- **Work to be completed**:
Once you have located the line containing "82 Matipo Road Te Atatu Peninsula_14" in the material below, return it exactly along with each line after it through the line containing "Demeure - 257 m² - 11 pièces".

- **Data to examine**:
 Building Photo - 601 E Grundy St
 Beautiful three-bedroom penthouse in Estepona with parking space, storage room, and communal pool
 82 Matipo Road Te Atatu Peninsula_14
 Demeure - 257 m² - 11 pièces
--
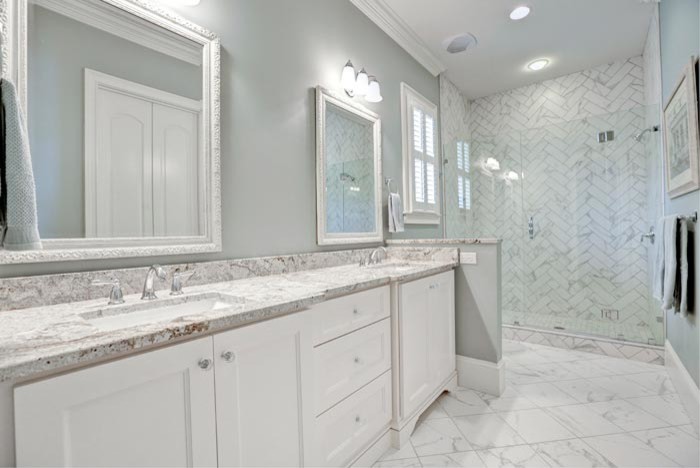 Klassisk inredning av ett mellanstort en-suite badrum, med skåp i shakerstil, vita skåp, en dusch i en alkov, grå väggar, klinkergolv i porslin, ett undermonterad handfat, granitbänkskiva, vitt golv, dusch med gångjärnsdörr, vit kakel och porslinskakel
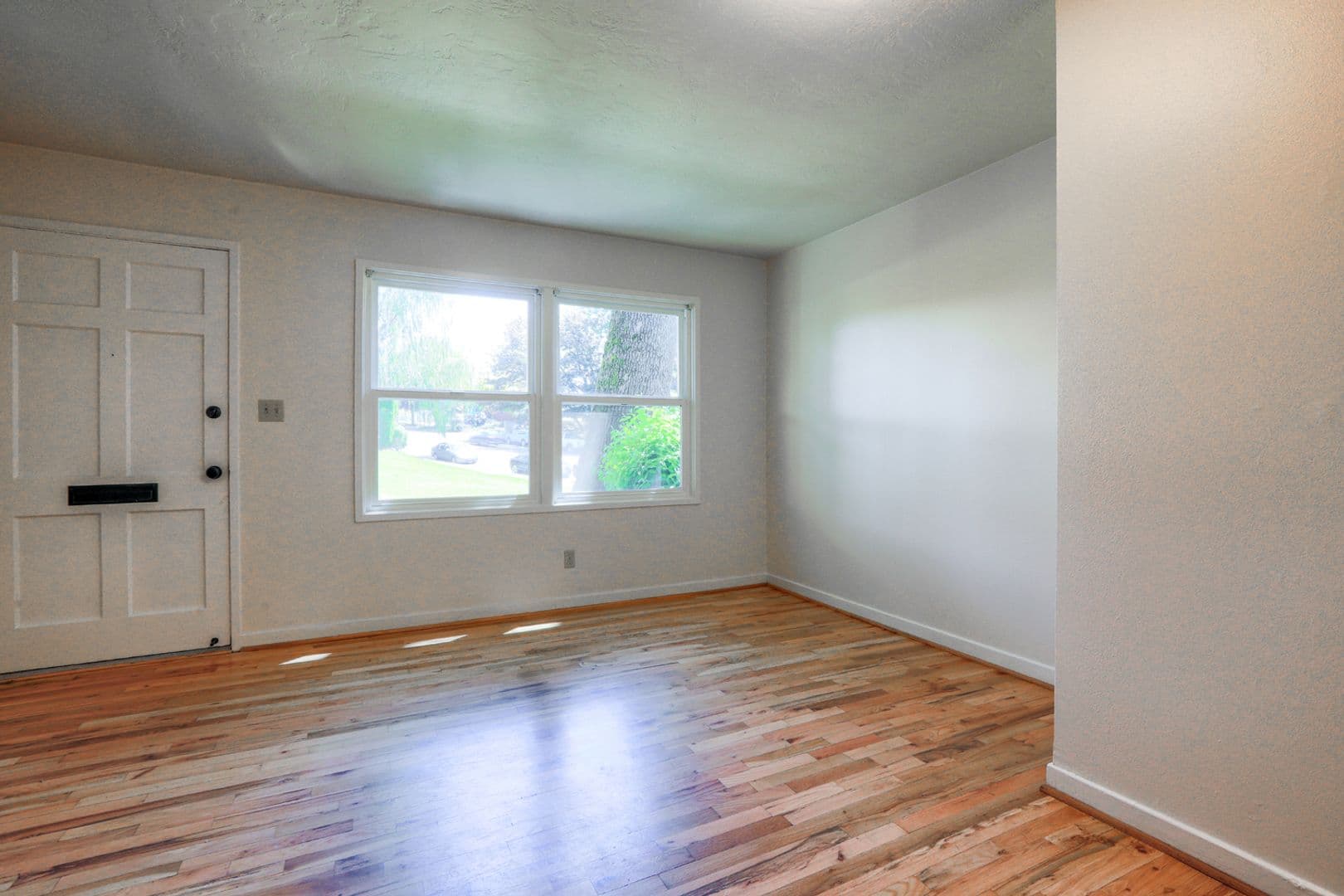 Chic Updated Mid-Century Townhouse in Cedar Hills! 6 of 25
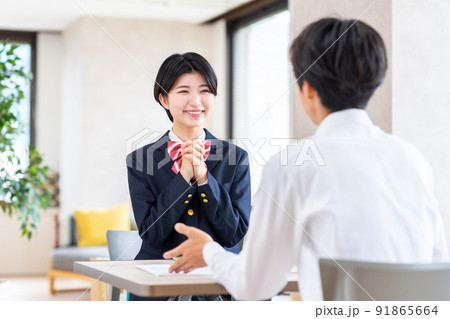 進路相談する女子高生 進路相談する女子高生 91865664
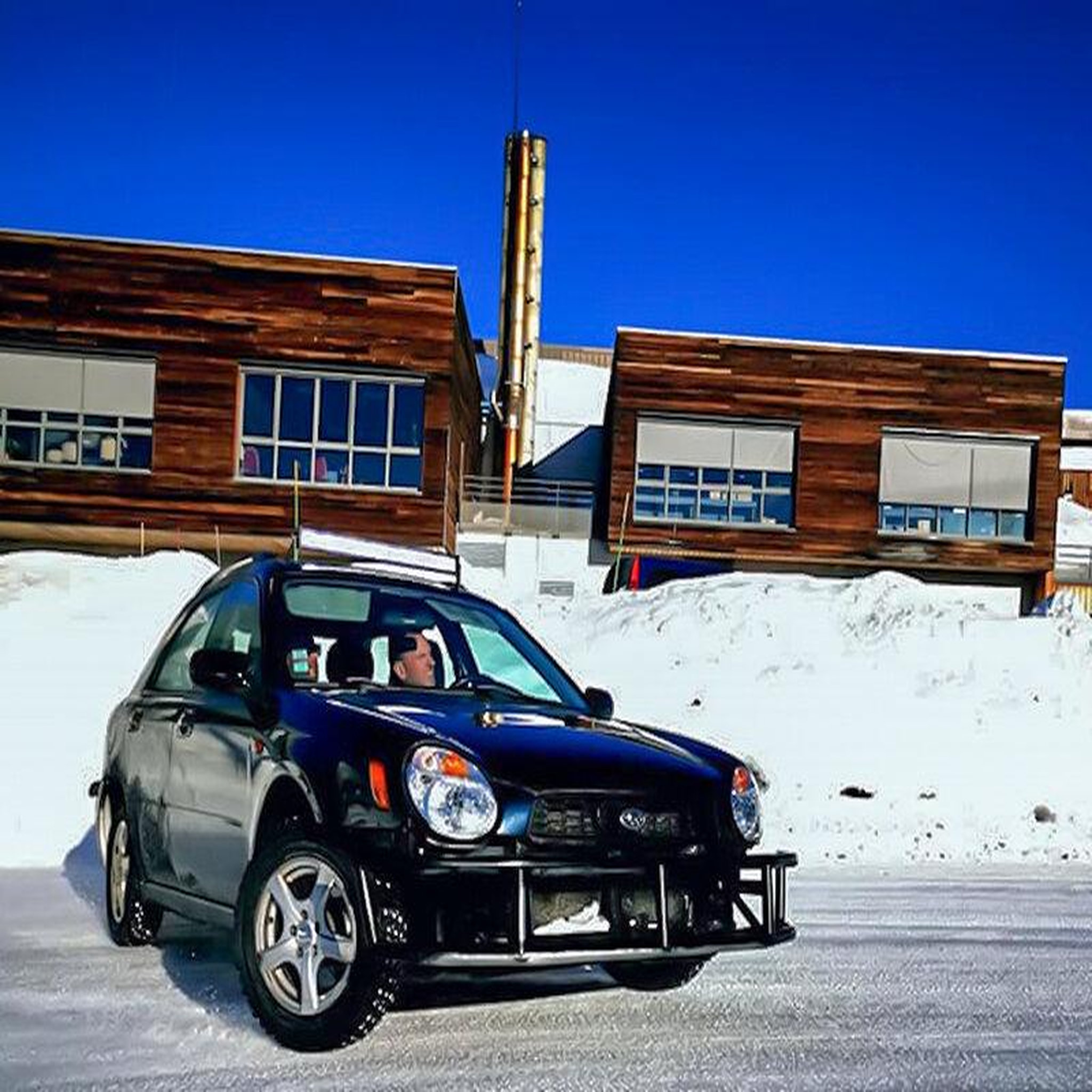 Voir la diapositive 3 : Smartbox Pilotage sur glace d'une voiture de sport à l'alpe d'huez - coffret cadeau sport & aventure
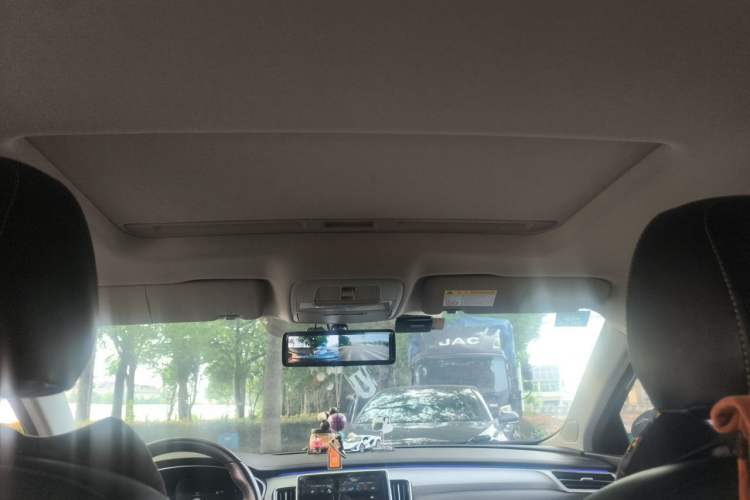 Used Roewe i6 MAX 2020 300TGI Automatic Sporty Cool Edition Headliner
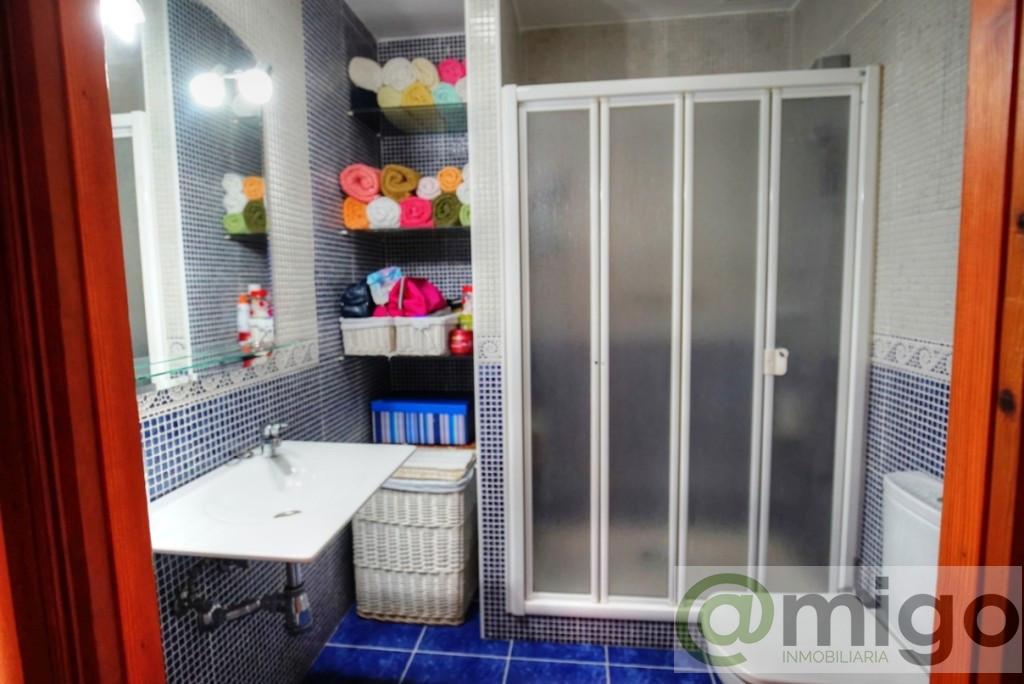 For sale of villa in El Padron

- **Answer section**:
 82 Matipo Road Te Atatu Peninsula_14
 Demeure - 257 m² - 11 pièces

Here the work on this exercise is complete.